L’architetto inguaribilmente romantico Rambaldo Melandri è per Moschin, letteralmente il ruolo della vita, quello a cui deve la massima popolarità. Parliamo della saga di “Amici miei”, in cui Moschin è strepitoso protagonista al fianco di Ugo Tognazzi, Philippe Noiret, Adolfo Celi e Duilio Del Prete, poi sostituito da Renzo Montagnani. Il primo film, diretto da Mario Monicelli e ideato da Pietro Germi, che non potè iniziarlo perché già gravemente malato, esce nel 1975 e si classifica al primo posto negli incassi della stagione. Il successo è stato poi talmente enorme, che “Amici miei” è ancora oggi il secondo film più visto della storia del cinema italiano, e senza dubbio la serie cinematografica più famosa e celebrata. Il seguito, sempre diretto da Monicelli e con Renzo Montagnani che sostituisce Duilio Del Prete, esce nel 1982 e si rivela il terzo incasso stagionale ed il film italiano più visto dell’anno. Il terzo film, diretto da Nanni Loy, esce nel Natale del 1985, e pur avendo un successo inferiore, regala a Moschin un secondo Nastro d’Argento. il tema portante della pellicola è l’amicizia virile e la paura della morte, una commedia amara e disillusa, in cui la risata si alterna al senso di malinconia e di amarezza. Celeberrima la scena alla stazione con gli amici che schiaffeggiano i passeggeri affacciati ai finestrini, e il linguaggio surreale e nonsense utilizzato da Tognazzi, per spiazzare le vittime delle zingarate: la “supercazzola” entrata di diritto nel lessico familiare degli italiani. Tutti i cinque attori al loro massimo, in un affiatato gioco di squadra. Quella della saga di “Amici miei” è la storia di quattro amici d’infanzia: Rambaldo Melandri ( Moschin), architetto in cerca di una donna; Giorgio Perozzi ( Noiret), giornalista dedito alle avventure extraconiugali con un figlio che è il suo opposto; Raffaello Mascetti ( Tognazzi), nobile decaduto ridotto a vivere in un sottoscala, e Guido Necchi ( Del Prete, poi Montagnani), che gestisce con la moglie il bar in cui il gruppetto si ritrova. Gli amici si dilettano nell’organizzazione di impegnativi scherzi e burle clamorose, a volte feroci, che non risparmiano nessuno e che li distraggono dalle loro miserie. Ai tre si aggiunge l’apparentemente serioso dottor Alfeo Sassaroli ( Celi), medico annoiato che diventerà presto uno dei pilastri del gruppo. Il motore più o meno inconscio di queste zingarate è il tentativo di esorcizzare la vecchiaia e la morte.

“E chi poteva immaginare che il film sarebbe diventato una specie di mito? Spesso mi chiedo come sia stato possibile. Credo per la freschezza della sceneggiatura, la felicità della scrittura che prendeva spunto da episodi accaduti davvero o che si raccontavano nei bar. E poi quella libertà della lingua, compresa qualche parolaccia camuffata, che nei film dell’epoca non c’era.
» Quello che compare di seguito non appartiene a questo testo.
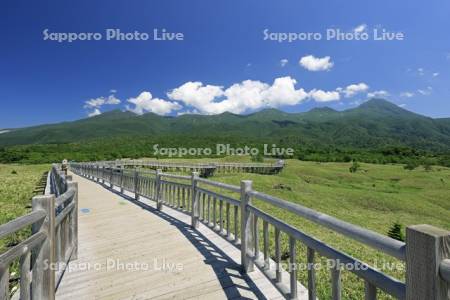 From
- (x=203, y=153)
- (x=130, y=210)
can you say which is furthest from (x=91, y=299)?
(x=203, y=153)

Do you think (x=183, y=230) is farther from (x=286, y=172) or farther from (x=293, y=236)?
(x=286, y=172)

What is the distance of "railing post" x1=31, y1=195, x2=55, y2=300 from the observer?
9.12 feet

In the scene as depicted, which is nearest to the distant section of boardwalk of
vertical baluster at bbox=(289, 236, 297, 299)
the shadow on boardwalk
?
the shadow on boardwalk

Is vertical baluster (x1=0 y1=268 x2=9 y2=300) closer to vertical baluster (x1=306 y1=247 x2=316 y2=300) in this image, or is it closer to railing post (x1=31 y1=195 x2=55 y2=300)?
railing post (x1=31 y1=195 x2=55 y2=300)

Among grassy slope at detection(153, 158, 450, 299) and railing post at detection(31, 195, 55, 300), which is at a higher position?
railing post at detection(31, 195, 55, 300)

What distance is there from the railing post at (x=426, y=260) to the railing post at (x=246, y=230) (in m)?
2.83

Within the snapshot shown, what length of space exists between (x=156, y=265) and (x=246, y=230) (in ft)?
5.19

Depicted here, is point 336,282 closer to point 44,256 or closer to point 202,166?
point 44,256

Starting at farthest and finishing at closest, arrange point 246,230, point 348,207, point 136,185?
point 348,207
point 136,185
point 246,230

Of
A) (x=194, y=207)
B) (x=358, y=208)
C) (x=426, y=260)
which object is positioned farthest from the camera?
(x=358, y=208)

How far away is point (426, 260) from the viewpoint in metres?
1.52

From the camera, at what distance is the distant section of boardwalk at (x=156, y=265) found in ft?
12.6

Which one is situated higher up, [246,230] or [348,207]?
[246,230]

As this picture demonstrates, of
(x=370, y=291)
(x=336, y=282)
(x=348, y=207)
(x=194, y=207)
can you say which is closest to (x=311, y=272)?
(x=336, y=282) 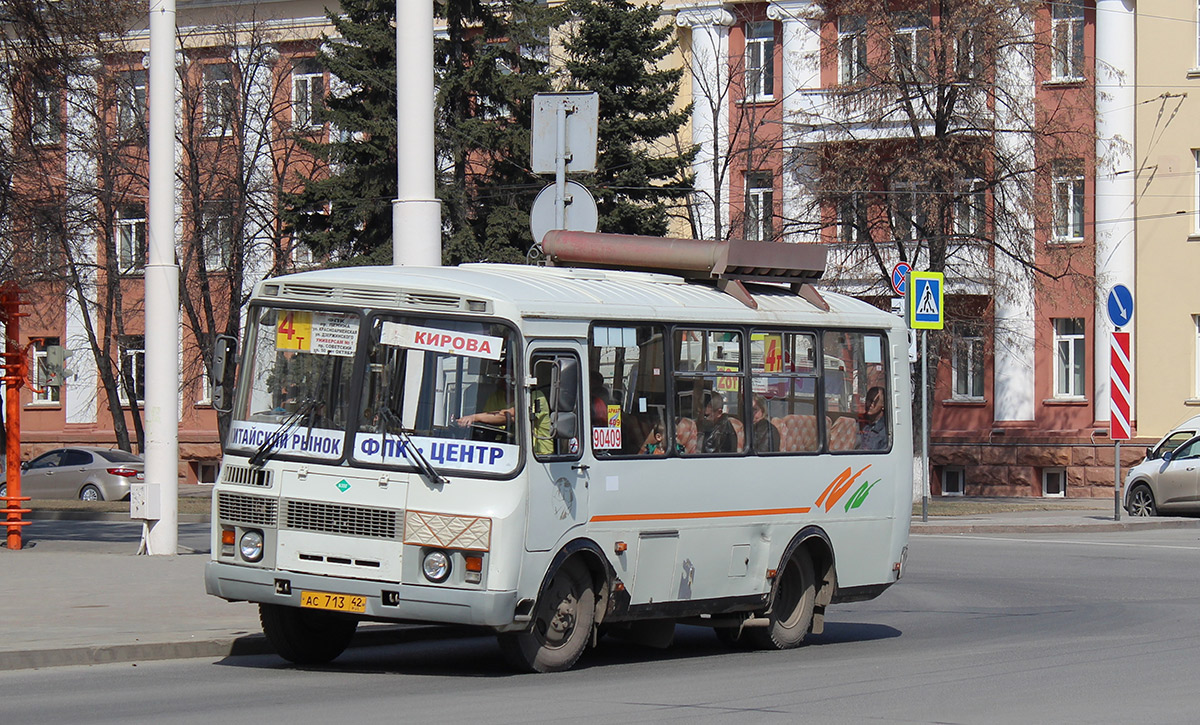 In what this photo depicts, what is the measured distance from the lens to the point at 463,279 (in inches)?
447

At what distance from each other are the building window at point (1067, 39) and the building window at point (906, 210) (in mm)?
4299

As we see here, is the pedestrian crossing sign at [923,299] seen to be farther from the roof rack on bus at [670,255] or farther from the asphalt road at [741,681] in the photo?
the roof rack on bus at [670,255]

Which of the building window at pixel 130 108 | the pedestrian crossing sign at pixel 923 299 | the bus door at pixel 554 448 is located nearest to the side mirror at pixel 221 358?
the bus door at pixel 554 448

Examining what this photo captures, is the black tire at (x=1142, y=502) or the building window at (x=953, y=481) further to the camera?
the building window at (x=953, y=481)

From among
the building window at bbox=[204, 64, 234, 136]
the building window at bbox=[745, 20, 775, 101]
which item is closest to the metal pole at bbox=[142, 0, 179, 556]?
Result: the building window at bbox=[204, 64, 234, 136]

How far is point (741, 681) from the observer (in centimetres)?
1116

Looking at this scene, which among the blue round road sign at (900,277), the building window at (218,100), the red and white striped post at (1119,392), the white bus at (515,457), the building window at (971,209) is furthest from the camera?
the building window at (218,100)

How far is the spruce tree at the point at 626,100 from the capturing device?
3688 cm

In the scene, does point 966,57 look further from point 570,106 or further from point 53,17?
point 570,106

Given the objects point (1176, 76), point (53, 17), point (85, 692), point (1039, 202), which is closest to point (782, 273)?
point (85, 692)

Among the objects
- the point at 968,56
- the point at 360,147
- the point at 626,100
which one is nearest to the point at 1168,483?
the point at 968,56

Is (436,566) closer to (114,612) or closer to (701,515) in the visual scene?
(701,515)

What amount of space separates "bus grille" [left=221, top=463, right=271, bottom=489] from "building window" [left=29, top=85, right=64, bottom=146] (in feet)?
42.1

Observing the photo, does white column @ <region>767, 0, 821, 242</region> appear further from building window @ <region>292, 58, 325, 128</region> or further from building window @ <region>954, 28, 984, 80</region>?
building window @ <region>292, 58, 325, 128</region> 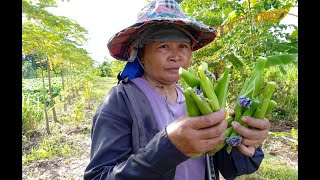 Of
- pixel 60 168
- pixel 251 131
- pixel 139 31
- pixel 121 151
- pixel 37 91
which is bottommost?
pixel 60 168

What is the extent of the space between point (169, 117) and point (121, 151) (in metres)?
0.34

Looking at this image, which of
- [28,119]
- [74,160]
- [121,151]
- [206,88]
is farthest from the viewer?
[28,119]

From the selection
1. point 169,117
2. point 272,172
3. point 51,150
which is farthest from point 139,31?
point 51,150

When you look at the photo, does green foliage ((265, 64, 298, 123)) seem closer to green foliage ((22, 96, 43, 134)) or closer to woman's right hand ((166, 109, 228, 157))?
green foliage ((22, 96, 43, 134))

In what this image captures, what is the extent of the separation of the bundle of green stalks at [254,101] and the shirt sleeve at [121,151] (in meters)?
0.24

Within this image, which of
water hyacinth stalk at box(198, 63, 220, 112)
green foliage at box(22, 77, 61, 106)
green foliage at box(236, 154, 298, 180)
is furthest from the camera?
green foliage at box(22, 77, 61, 106)

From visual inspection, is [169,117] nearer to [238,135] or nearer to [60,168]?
[238,135]

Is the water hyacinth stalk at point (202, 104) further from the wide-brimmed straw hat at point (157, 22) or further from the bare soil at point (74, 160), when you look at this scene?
the bare soil at point (74, 160)

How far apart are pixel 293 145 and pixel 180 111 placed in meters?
5.36

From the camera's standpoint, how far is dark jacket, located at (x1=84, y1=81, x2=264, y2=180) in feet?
3.91

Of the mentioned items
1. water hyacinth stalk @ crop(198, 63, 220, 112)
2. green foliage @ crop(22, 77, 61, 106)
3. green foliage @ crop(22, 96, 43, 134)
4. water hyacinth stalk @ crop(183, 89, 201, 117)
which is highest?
water hyacinth stalk @ crop(198, 63, 220, 112)

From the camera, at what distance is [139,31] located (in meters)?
1.67

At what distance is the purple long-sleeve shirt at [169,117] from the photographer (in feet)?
5.05

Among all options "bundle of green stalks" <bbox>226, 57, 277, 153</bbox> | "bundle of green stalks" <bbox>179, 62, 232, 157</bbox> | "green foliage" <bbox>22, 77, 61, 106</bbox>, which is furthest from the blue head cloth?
"green foliage" <bbox>22, 77, 61, 106</bbox>
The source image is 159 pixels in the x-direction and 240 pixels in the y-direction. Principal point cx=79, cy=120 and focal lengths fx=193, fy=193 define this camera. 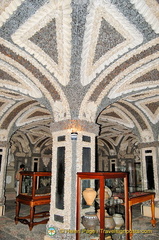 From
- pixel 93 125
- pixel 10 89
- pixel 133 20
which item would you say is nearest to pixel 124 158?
pixel 93 125

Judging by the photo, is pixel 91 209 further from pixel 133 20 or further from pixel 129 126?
pixel 129 126

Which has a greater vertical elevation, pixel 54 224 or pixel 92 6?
pixel 92 6

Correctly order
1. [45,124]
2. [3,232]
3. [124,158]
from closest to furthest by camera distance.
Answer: [3,232] < [45,124] < [124,158]

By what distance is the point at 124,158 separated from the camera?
46.9ft

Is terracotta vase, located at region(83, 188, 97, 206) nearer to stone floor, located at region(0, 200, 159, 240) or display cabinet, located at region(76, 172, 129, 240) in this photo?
display cabinet, located at region(76, 172, 129, 240)

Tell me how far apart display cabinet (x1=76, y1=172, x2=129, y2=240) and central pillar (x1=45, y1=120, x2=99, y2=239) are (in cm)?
42

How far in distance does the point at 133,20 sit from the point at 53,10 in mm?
1503

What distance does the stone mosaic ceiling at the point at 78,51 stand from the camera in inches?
137

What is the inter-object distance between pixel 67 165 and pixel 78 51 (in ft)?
9.03

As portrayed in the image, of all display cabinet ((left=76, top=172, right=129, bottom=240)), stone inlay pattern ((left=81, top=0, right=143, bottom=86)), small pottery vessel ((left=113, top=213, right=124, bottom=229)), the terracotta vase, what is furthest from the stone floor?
stone inlay pattern ((left=81, top=0, right=143, bottom=86))

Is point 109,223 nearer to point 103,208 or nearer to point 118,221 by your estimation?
point 118,221

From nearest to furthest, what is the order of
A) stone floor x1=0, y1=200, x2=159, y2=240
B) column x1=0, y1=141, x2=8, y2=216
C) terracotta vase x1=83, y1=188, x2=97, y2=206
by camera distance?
terracotta vase x1=83, y1=188, x2=97, y2=206 → stone floor x1=0, y1=200, x2=159, y2=240 → column x1=0, y1=141, x2=8, y2=216

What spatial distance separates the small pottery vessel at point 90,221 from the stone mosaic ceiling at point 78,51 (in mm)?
A: 2397

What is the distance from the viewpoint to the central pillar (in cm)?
461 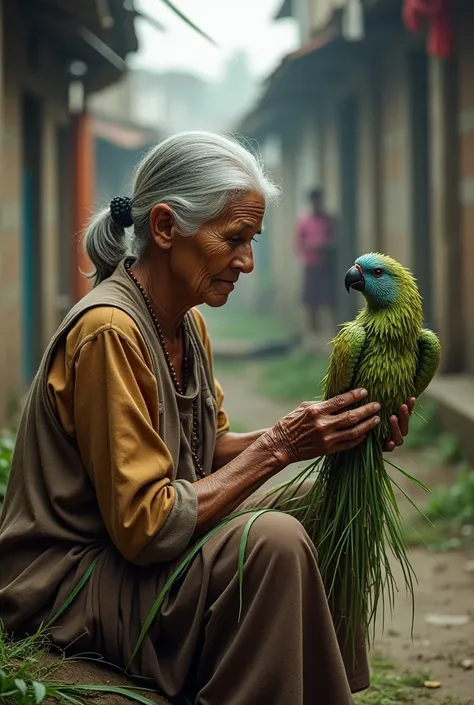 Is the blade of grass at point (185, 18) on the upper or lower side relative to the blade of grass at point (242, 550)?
upper

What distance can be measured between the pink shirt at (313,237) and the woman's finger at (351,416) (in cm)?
1091

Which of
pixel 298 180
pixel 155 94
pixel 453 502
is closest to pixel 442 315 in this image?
pixel 453 502

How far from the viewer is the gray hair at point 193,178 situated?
9.22 feet

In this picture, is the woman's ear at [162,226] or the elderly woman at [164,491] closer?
the elderly woman at [164,491]

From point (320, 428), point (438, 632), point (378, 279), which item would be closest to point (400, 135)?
point (438, 632)

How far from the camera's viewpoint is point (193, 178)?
111 inches

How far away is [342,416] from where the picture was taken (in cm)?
276

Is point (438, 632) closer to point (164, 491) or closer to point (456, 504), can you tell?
point (456, 504)

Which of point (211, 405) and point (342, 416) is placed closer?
point (342, 416)

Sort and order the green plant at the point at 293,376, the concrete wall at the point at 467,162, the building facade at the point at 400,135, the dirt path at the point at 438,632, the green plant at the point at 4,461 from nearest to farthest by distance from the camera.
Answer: the dirt path at the point at 438,632
the green plant at the point at 4,461
the concrete wall at the point at 467,162
the building facade at the point at 400,135
the green plant at the point at 293,376

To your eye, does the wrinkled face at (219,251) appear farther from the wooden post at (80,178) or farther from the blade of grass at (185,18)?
the wooden post at (80,178)

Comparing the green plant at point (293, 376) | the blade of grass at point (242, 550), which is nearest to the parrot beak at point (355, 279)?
the blade of grass at point (242, 550)

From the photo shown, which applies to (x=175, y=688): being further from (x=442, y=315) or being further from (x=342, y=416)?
(x=442, y=315)

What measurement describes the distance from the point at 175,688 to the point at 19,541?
53 cm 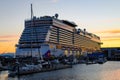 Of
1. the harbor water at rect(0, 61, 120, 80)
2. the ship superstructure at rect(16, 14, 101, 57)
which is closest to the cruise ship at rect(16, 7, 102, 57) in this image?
the ship superstructure at rect(16, 14, 101, 57)

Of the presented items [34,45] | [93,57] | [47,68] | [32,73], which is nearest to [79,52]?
[93,57]

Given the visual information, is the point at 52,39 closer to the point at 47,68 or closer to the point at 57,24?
the point at 57,24

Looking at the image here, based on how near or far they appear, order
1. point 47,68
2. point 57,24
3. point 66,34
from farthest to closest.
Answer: point 66,34 < point 57,24 < point 47,68

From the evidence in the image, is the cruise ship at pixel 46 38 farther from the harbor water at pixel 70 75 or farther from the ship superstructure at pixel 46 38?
the harbor water at pixel 70 75

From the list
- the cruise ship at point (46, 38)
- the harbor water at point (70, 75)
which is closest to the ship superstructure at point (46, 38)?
the cruise ship at point (46, 38)

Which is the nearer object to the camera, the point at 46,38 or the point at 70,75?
the point at 70,75

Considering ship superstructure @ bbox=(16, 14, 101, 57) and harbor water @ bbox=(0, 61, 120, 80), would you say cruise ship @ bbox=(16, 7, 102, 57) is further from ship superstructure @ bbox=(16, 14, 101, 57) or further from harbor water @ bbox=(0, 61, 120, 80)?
harbor water @ bbox=(0, 61, 120, 80)

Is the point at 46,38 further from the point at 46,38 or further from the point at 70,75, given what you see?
the point at 70,75

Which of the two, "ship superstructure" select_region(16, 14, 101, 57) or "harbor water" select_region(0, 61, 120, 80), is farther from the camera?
"ship superstructure" select_region(16, 14, 101, 57)

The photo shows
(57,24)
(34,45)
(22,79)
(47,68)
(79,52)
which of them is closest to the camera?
(22,79)

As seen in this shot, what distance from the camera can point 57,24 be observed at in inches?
6156

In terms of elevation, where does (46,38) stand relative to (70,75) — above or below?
above

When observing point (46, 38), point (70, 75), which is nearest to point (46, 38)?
point (46, 38)

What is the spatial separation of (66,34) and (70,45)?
6.60m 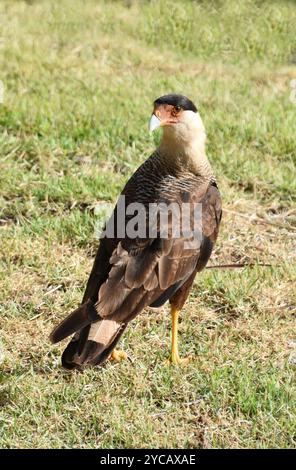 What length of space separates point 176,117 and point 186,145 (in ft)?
0.51

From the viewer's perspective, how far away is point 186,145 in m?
4.60

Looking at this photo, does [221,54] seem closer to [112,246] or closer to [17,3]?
[17,3]

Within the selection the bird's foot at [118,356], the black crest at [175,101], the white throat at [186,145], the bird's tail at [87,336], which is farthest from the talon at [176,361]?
the black crest at [175,101]

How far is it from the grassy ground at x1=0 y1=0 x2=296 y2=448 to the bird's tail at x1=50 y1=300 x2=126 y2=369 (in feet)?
1.00

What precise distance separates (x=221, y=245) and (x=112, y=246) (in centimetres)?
145

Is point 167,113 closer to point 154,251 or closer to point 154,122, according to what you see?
point 154,122

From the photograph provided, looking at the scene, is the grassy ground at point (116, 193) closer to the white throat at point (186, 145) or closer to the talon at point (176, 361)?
the talon at point (176, 361)

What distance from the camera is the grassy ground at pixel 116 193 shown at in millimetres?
4062

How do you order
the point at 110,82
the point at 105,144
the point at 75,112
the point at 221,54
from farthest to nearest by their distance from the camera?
the point at 221,54 < the point at 110,82 < the point at 75,112 < the point at 105,144

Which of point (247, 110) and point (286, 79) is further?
A: point (286, 79)

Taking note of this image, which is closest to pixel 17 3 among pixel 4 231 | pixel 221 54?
pixel 221 54

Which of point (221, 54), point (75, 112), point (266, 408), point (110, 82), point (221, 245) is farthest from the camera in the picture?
point (221, 54)

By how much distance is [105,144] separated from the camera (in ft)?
22.0

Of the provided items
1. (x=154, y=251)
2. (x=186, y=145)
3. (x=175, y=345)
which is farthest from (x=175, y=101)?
(x=175, y=345) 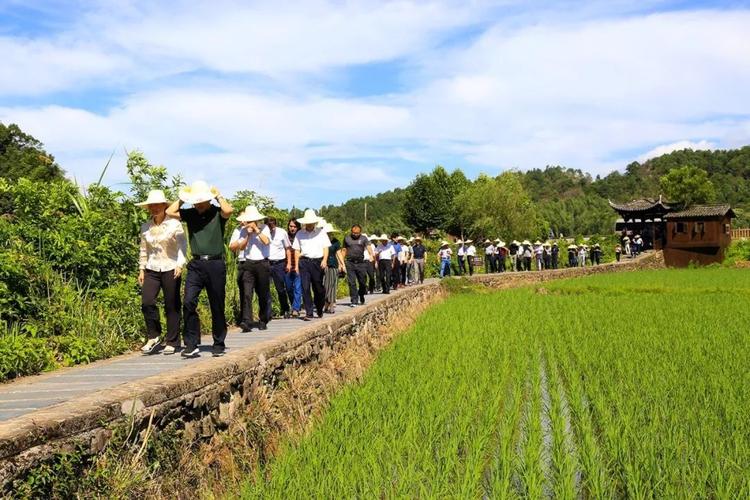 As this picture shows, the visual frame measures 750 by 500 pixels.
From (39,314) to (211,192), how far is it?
2.14 metres

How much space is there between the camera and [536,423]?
5.16 m

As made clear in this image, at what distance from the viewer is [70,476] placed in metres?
2.89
Erano anni diversi, era un’Italia nella quale si poteva ancora ridere”. (Gastone Moschin)

“È arcinoto il fatto che, nella scena degli schiaffi alla stazione, le comparse non sapevano che avrebbero ricevuto dei veri ceffoni. Ma tra i più divertenti c’è, nel secondo film, l’episodio della Torre di Pisa, a rischio crollo, sorretta dai passanti. Mentre stavamo girando la scena arrivò un pullman di turisti giapponesi, Monicelli li fece chiamare e li coinvolse per sostenere la torre. Loro non capirono bene che cosa stava succedendo, ma parteciparono “. (Gastone Moschin)

“È un film che fa ridere, ma non è comico. È velato dalla malinconia della mancanza di Germi, che a volte pervadeva il set. La malinconia della domenica sera in attesa del lunedì, come nella scena delle giostre, dove facciamo i conti con il ritorno, il giorno successivo, alla vita reale. Il clima era sereno e fare il film fu uno spasso anche se faticoso perché il copione doveva essere seguito in modo rigoroso. L’improvvisazione c’era solo nel coinvolgimento e nella reazione delle comparse, come nella scena degli schiaffi”. (Gastone Moschin)
• Gli anni ’80: continuano i personaggi memorabili
Questo decennio è nella carriera di Moschin quantitativamente meno intenso, pur regalando altre interpretazioni degne di nota, come il deputato comunista di “Si salvi chi vuole” di Roberto Faenza, il potente ministro di “Scherzo del destino in agguato dietro l’angolo come un brigante da strada”, di Lina Wertmüller; oppure il sedicente barone della “Compagna di viaggio”, che organizza l’ingegnoso furto di un vagone portavalori, con l’aiuto di un’attricetta di cui è innamorato.